Once the line with "Scriitorul Valeriu Butulescu" is found in the data, output it and each following line exactly, up to and including the line with "50pcs pack, Silver", and nothing before or after.

--- Task inputs Enclosed Below ---

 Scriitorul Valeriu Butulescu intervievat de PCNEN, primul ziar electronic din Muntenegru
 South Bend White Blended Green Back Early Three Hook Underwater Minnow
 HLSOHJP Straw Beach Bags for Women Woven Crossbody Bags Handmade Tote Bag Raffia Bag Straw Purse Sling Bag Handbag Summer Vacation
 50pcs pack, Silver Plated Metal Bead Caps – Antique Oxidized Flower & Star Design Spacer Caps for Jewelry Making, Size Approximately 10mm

--- End of Enclosed Task inputs ---
--- Task inputs Enclosed Below ---

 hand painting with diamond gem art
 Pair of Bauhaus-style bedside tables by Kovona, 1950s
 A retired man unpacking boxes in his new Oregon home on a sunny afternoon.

--- End of Enclosed Task inputs ---
--- Task inputs Enclosed Below ---

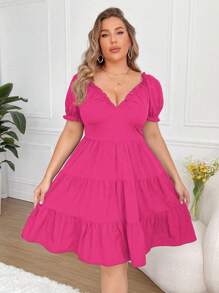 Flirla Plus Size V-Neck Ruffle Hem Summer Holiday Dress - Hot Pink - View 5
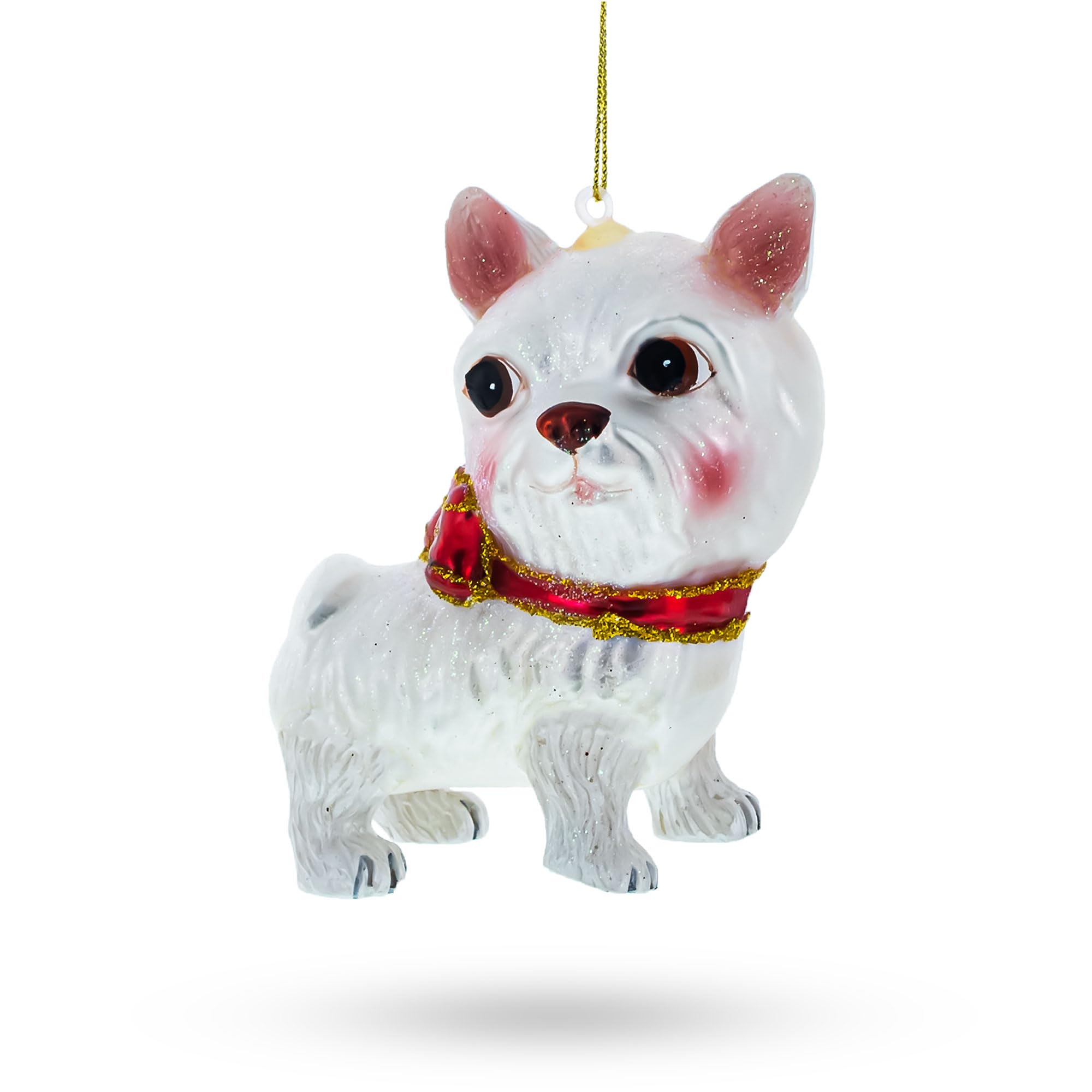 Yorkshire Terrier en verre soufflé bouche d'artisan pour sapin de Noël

--- End of Enclosed Task inputs ---

Result for this task:
 Scriitorul Valeriu Butulescu intervievat de PCNEN, primul ziar electronic din Muntenegru
 South Bend White Blended Green Back Early Three Hook Underwater Minnow
 HLSOHJP Straw Beach Bags for Women Woven Crossbody Bags Handmade Tote Bag Raffia Bag Straw Purse Sling Bag Handbag Summer Vacation
 50pcs pack, Silver Plated Metal Bead Caps – Antique Oxidized Flower & Star Design Spacer Caps for Jewelry Making, Size Approximately 10mm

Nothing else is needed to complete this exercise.